男性中心、24時間勤務が当たり前の職場。だが、母になっても、せっかく手に入れたキャリアをあきらめたくない、仕事を続けたいという強い思いで会社と交渉。新しい働き方を開拓した。

女性運転士の仕事愛がかなえた短時間勤務体制

「終点の新宿駅に到着してブレーキをかけ、お客様が降車された時『やった』と思いほっとします。小田原~新宿間の1時間半を無事故で時刻表どおりに運行できたことに、毎回深い達成感を感じるんです」

運転士 大中佐智子さん
運転士 大中佐智子さん

高校時代から憧れ続けた電車の運転士をめざし、大中佐智子さんが小田急電鉄に入社したのは、専門職として車掌や運転士などの女性乗務員募集が始まった3期目だった。女性の先輩は5人、運転士見習いまで進んだ女性がやっと1人の時代だ。

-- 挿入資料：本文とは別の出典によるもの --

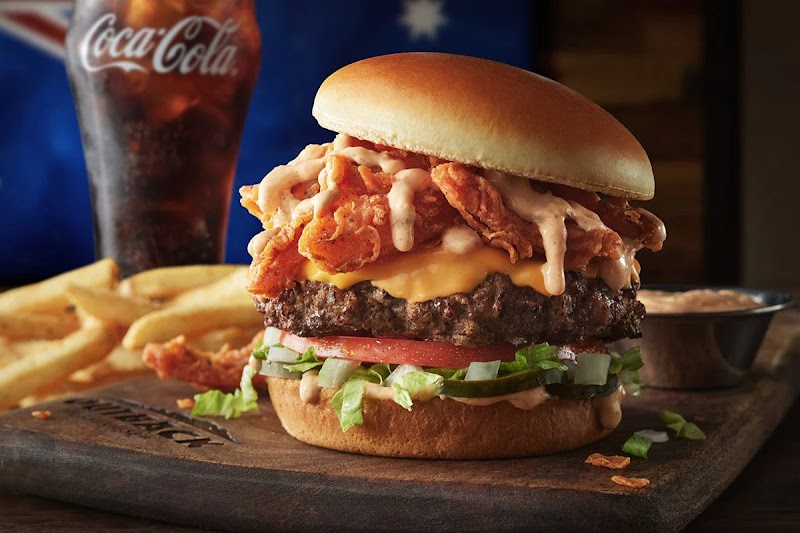 Outback Steakhouse photo 4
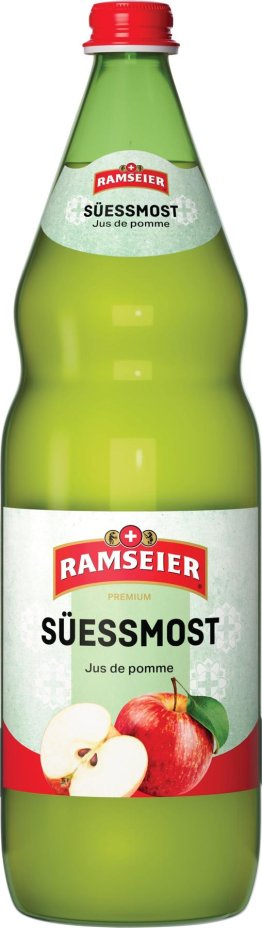 Ramseier Süssmost 100cl HAx12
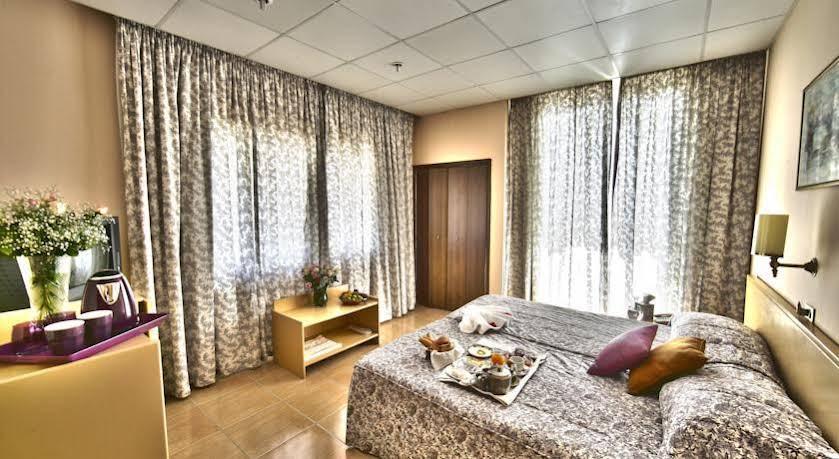 Vanda Boutique Hotel & Spa By Rafahia Jounieh Exteriör bild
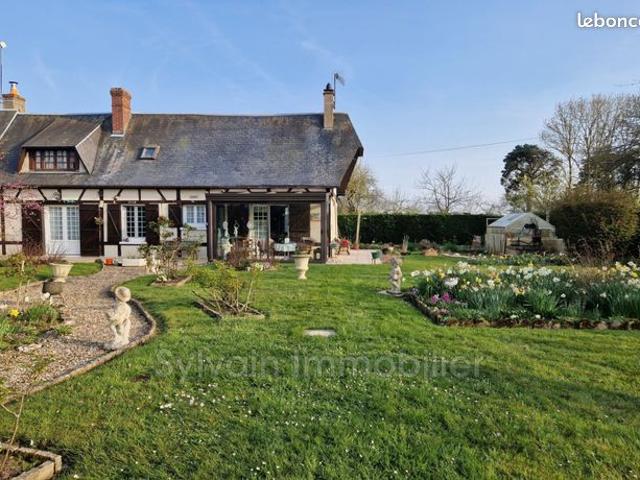 Maison vente à Les Andelys, Morgny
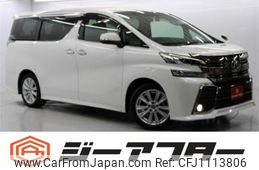 toyota vellfire 2017 -TOYOTA--Vellfire DBA-AGH30W--AGH30-0132478---TOYOTA--Vellfire DBA-AGH30W--AGH30-0132478-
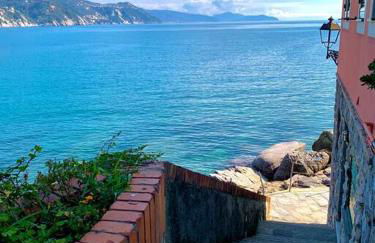 Casa Pomaro-sul mare-vicino a Portofino - Foto 63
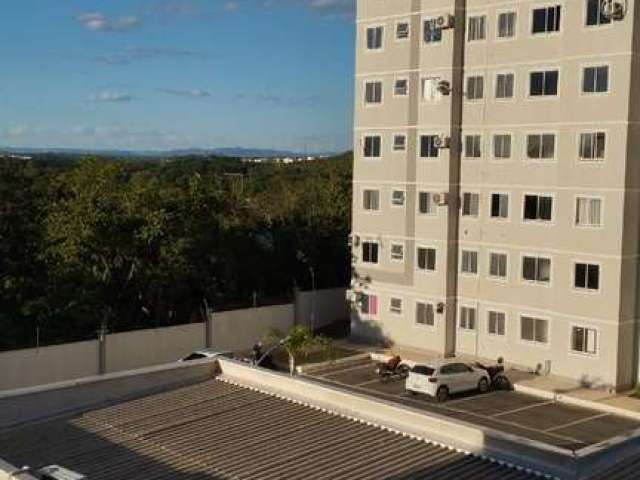 Vende Apartamento 2 Quartos - Chapada Pantanal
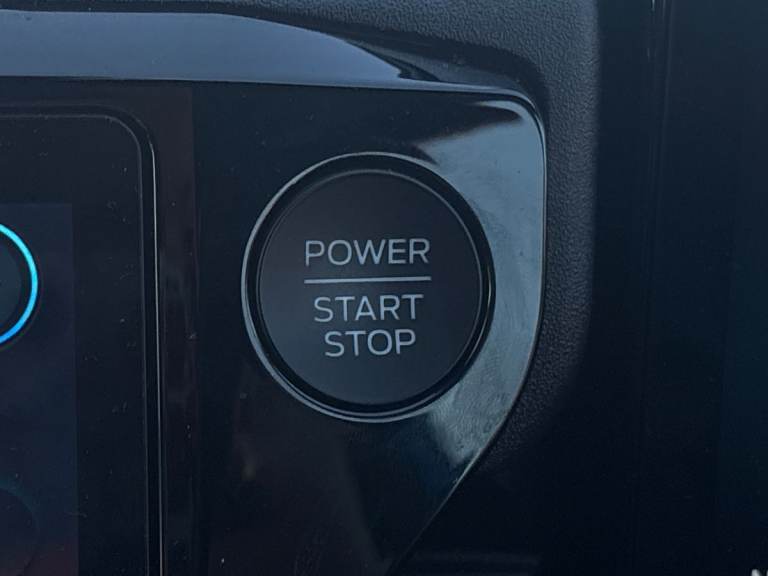 2025 Ford Puma 1.0 EcoBoost Hybrid mHEV ST-Line 5dr 5 Door PETROL Manual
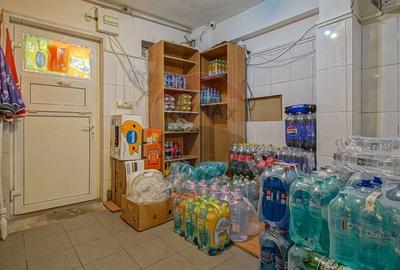 Investitie smart - Spatiu comercial de vanzare -Zona Spitalul Judetean - 16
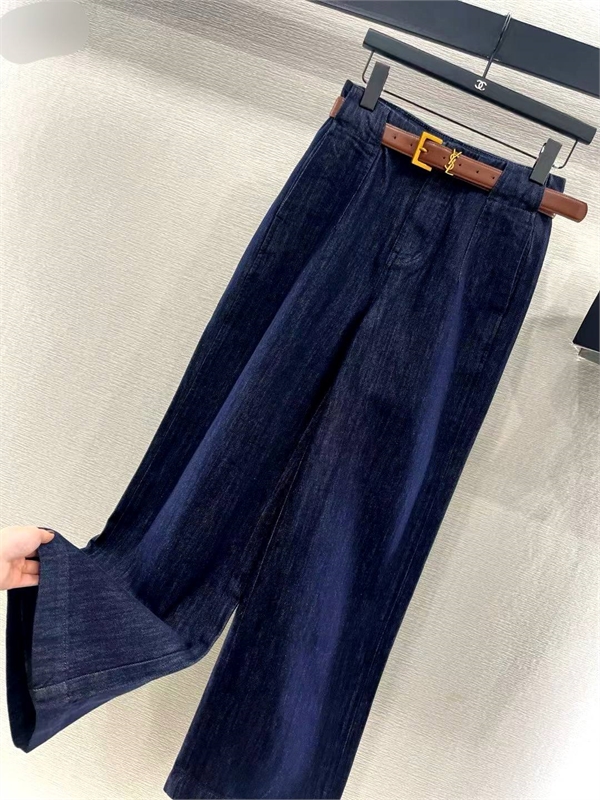 Джинсы YSL 165348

「入社後数カ月はまず駅員の仕事をします。最初の勤務地は新宿駅。初めて見たラッシュにはびっくりしました。乗務員志望なので、男性同期と同じようにホームに立ちたいのに、新人女性の担当は窓口業務。後に経験できるのですが、そのときは男性に負けたくないという焦りから、同期や先輩に必死でアピールし、ホームでの業務を見学させてもらったりしました」

車掌を経て、入社4年半で運転士見習いとして営業車に乗車するようになる。見習い中の数カ月は、担当の教官がつきっきりで実地指導にあたるそうだ。

マイ ヒストリー

「初めて運転したときは、研修センターで学んだとおりにしているのに、自分が電車を動かしている実感がなく、不思議な感覚でした。教習の先生はもう親みたいな存在です。丁寧な指導に応えようと必死で技術を習得しました」

運転士になっても学びは続く。小田急電鉄では走行区間ごとに、運転士や車掌など乗務員がグループになって区間の仕事を分担する。主任運転士を区間組長に、新人がくれば面倒を見るし、先輩の豊富な経験談を共有するなど、縦横のネットワークがしっかりしているので、働きやすいという。

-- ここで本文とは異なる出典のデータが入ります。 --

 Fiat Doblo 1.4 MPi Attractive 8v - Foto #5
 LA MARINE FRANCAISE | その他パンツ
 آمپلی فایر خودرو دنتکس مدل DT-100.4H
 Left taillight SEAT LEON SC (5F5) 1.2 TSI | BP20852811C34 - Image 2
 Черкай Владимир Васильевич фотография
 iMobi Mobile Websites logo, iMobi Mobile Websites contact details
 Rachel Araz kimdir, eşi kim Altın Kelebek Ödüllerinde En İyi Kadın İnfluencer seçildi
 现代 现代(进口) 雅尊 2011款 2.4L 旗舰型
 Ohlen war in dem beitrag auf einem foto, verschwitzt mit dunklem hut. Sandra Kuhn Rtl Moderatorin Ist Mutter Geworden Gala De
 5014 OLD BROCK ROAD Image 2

「11年この仕事をしていて、まったく同じような乗務はなかったように思います。変化が多い仕事ですから、その時々で困り事があれば相談でき、安全な列車運行を補完し合える社内文化があってよかったです」

運転士の仕事は不規則な一昼夜勤務で、人命を預かる責任は重く、時間の正確さも要求される激務。ベテラン男性運転士でも業務を終えるとクタクタになるそうだ。

「乗務を終えて電車を降りるまで気が休まらない仕事です。子どもを持ったらこの仕事を継続するのは難しく、異動か退職を考えるしかなかった。でも私は何があってもこの仕事を辞めたくなかったので、女性乗務員で集まり、会社に意見を伝え、組合にも相談して駅員や乗務員が使える短時間勤務制度をつくってもらいました。晴れて育休復帰後も乗務員を続けられるようになり、運転士で短時間勤務制度利用者は私が第1号でした」

女性乗務員がキャリアを積みやすくなった

ダイヤグラムは列車の所要時間や停車駅・時間がひと目でわかる図表。乗務員、駅員の必需品でもある。新人駅員時代、ホームに立ってこれを手に乗客を案内するのが大中さんの夢だった。
ダイヤグラムは列車の所要時間や停車駅・時間がひと目でわかる図表。乗務員、駅員の必需品でもある。新人駅員時代、ホームに立ってこれを手に乗客を案内するのが大中さんの夢だった。

大中さんのような先輩がいることで、ライフイベントがあっても仕事を続けられる雰囲気が定着し、女性乗務員がキャリアを積みやすくなったそうだ。新人採用の場面でも、女子学生からの関心が高まっている。

「一緒にやっていく女性乗務員が増えるのはうれしいです。人数が増えれば、例えば、まだ数が少ない女性用宿泊所が増え、女性が勤務できる路線が増えるし、それまで男性しかできなかった作業が経験できるようになるといいですね」

運転士としての3か条

大中さんたちがコツコツと切り開いた道を、後輩乗務員がぞくぞくと追ってくることが喜びだという。

「息子が運転士の母を『かっこいい!』と誇らしく思ってくれていることが一番の励み」と語る大中さんは、次の夢、「特急ロマンスカー」の運転士をめざして進んでいく。